Um pouco da compaixão do universo austeniano
Há pouco tempo, ao reler trechos do romance Razão e Sensibilidade, de Jane Austen, fui novamente cativada pelo episódio transcrito abaixo, um dos que explicam o porquê de Elinor Dashwood, protagonista da referida obra, ser minha heroína literária preferida. Apesar de aparentemente simples, a passagem ilustra, por meio da personagem em questão, a qual, a propósito, pouco conhecia o coronel Brandon até então, a importância de não ceder a julgamentos alheios como norte para definir a personalidade ou as propensões de alguém, mesmo que contra este certas circunstâncias possam ser pouco auspiciosas. São, em suma, defendidos a cautela, o conhecimento e o discernimento como fatores necessários para emitir um juízo de valor a respeito de um indivíduo, a fim de que este não seja alvo de preconceitos, de menosprezo e, assim, de interpretações equivocadas. Não farei exposições particulares acerca do enredo de Razão e Sensibilidade, para que aqueles que ainda não o leram não se depararem com informações cruciais antes da hora, porém as pessoas que conhecem – e compreendem – sua trama sabem o quão relevante evidencia-se o episódio a seguir não só de forma isolada, mas também (e principalmente) na conjuntura do romance, com base nos desdobramentos e nos significados que se descortinam, pouco a pouco, para o leitor. Em suma, a palavra-chave que deve guiar uma conduta decente para com o próximo, ensina-nos Austen, é compaixão.
"– Brandon é o tipo de homem – disse Willoughby um dia, quando comentavam a respeito dele – de quem todos falam bem, mas com que ninguém se importa; que todos se encantam de encontrar, mas que ninguém se lembra de chamar.

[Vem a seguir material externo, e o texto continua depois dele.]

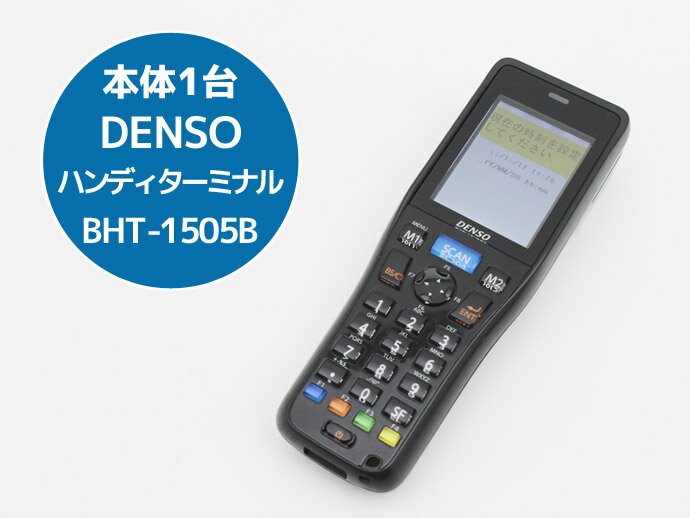 楽天市場】BHT1505の通販 楽天市場】BHT1505の通販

– Mas não se divirtam com isso – interferiu Elinor –, pois seriam injustos. Ele é muito estimado por todas as famílias de Barton Park. Eu mesma jamais o vejo sem fazer o possível para conversar com ele.
– Com certeza – comentou Willoughby –, é um privilégio dele ser considerado pela senhorita, mas quanto à estima que receberia dos outros, é um fracasso vergonhoso. Quem se submeteria à indignidade de ser aprovado por mulheres como lady Middleton e a sra. Jennings, aprovação esta que pode provocar a indiferença de todos os demais?
– Entretanto, talvez os insultos vindos de pessoas como o senhor e Marianne possam contrabalançar as atitudes de lady Middleton e da mãe dela. Se o apreço delas significa censura, a censura de vocês pode ser apreço, pois essas senhoras não são mais sem discernimento quanto vocês são preconceituosos e injustos.
– A senhorita pode ser muito insolente em defesa do seu protegido...
– O meu protegido, como o senhor o chama, é um homem sensível, e sensibilidade sempre foi uma atração para mim. Sim, Marianne, isso existe mesmo em um homem entre os trinta e os quarenta anos. O coronel Brandon já viu uma boa parte do mundo, viajou, leu e pensou muito. Descobri que é capaz de me dar informações a respeito de incontáveis assuntos e sempre respondeu às minhas perguntas com o desembaraço e presteza da sabedoria e da boa vontade.
– Isso significa – replicou Marianne, acaloradamente – que ele lhe contou que no leste da Índia o clima é quente e os mosquitos são importunos.
– Ele poderia ter me contado isso, não duvido, se eu lhe perguntasse, mas acontece que há detalhes como esse que já conheço, graças a informações anteriores.
– Talvez – ironizou Willoughby – as observações dele tenham se estendido até a existência de nababos, moedas de ouro e palanquins.
– Devo aventurar-me a dizer que as observações dele alcançaram muito mais adiante do ponto em que chega a sua candura. Por que não gosta dele?
– Não é que eu não goste dele. Ao contrário, eu o considero um cavalheiro muito respeitável, de quem todo mundo fala bem, mas que ninguém nota; que tem mais dinheiro do que pode gastar, tempo demais que não sabe como usar e duas casacas novas por ano.
– Acrescente também – apoiou Marianne – que ele não tem sagacidade, bom gosto, nem espírito. Que sua inteligência não é brilhante, seus sentimentos não têm ardor e sua voz é sem expressão.
– Você baseia as imperfeições dele na quantidade – retrucou Elinor – e, a maior parte, na força da sua própria imaginação quando o considera frio e insípido; mas nada posso refutar nesse ponto. Todavia, eu posso afirmar que ele é um homem sensível, bem-educado, bem informado, gentil e tenho certeza de que possui um bom coração."